Assistir impávidos e serenos, como é apanágio deste povo, a um sentimento progressivo de insegurança.
A segurança constitui um pilar fundamental do Estado de Direito Democrático e contribui, decisivamente, para uma sociedade mais democrática e tolerante, sendo um garante da liberdade dos cidadãos, na medida em que ninguém pode ser verdadeiramente livre se não se sentir seguro.
Janeiro de 2023
Indivíduo que agrediu de forma brutal um militar da Guarda Nacional Republicana de Alcanena, desfigurando-o, ficou em liberdade.
Fevereiro de 2023
Indivíduo agrediu dois militares da Guarda Nacional Republicana em Caminha, tendo um dos militares a necessidade de ser assistido na Unidade de Saúde local, sai em liberdade.
Agosto de 2023
Na Quinta do Conde, Sesimbra, um individuo agrediu um militar da Guarda Nacional Republicana e foi colocado em liberdade, já em Vila Real de Santo António, outros dois indivíduos, por «tentarem» furtar duas lanchas rápidas atracadas no cais do Subdestacamento de Controlo Costeiro da Guarda Nacional Republicana, é-lhes aplicada a medida de coação mais gravosa – prisão preventiva.

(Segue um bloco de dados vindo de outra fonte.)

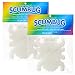 2 pack Scumbug (tm) Oil-Absorbing Sponge Devours Scum, Slime & Grime From Pools & Spas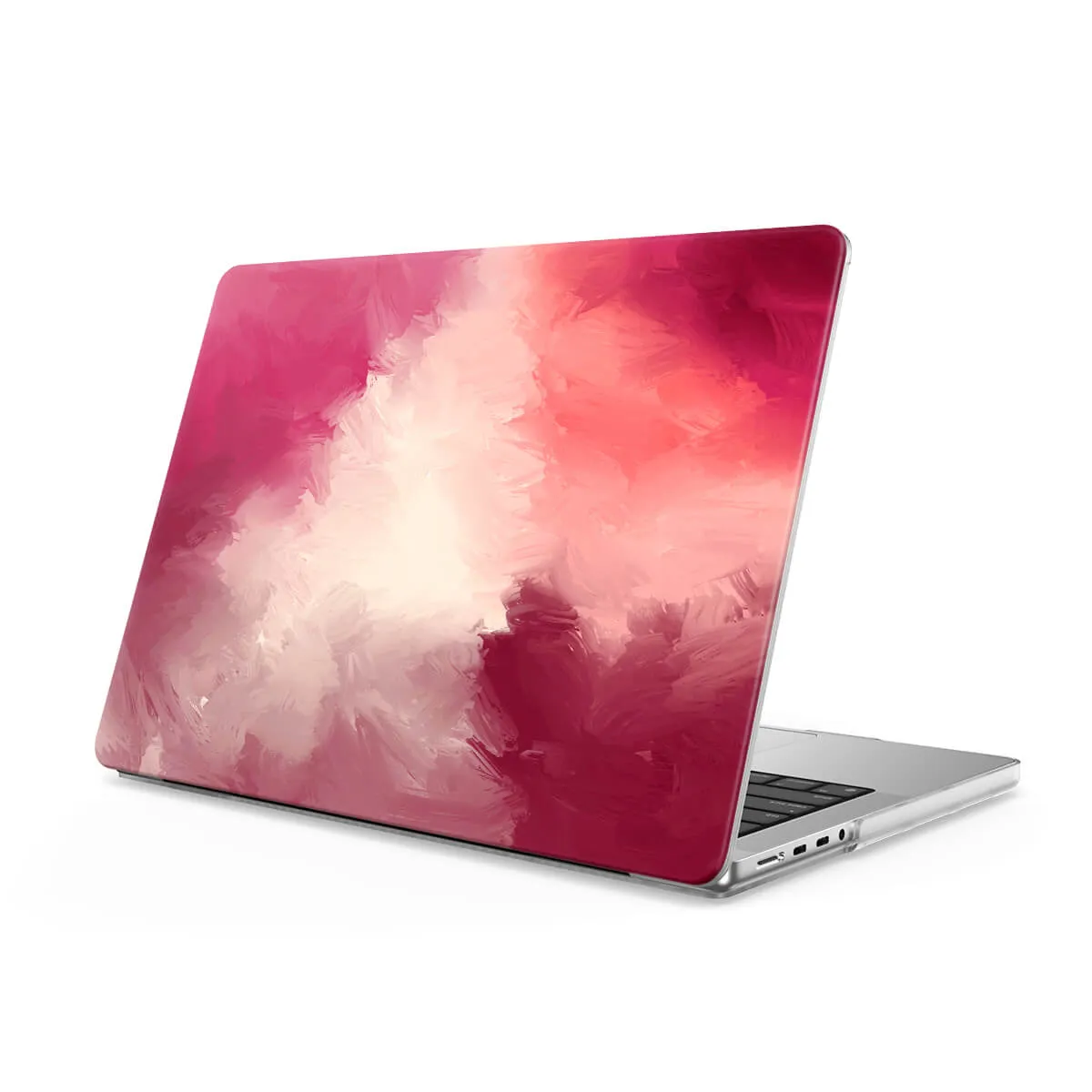 Berry Red | Macbook Anti-Fall Protective Case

Na maior parte dos casos, trata-se de indivíduos já referenciados e, até, com registo da prática de crimes.
Moralmente, tanto numa situação, como na outra, se devia aplicar a medida de coação mais gravosa!
Mais curiosa é a forma de como se aplica a Justiça neste país, Segundo Aristóteles, Justiça é dar a cada um o que é seu, com base na equidade, e suprindo as desigualdades.
Pergunto, quantos Códigos Penais existem neste país (tão pequeno, comparativamente à maioria Mundial)?
Não existe um “guião” (determinações/jurisprudência/pareceres) de forma a colmatar a aplicação das leis pelos nossos Magistrados, essa classe insigne e primordial?
Ainda que a legislação possa ter díspares interpretações, será que faz sentido que exista tanta diferença na sua aplicação?
Os elementos das forças de segurança sentem um absoluto e constante desprezo, mesmo sendo eles quem garante a segurança do país. Atuam com grande descontentamento e desmotivação, ao constatarem que quem atenta contra eles vive impunemente, reiterando na prática desses mesmos crimes.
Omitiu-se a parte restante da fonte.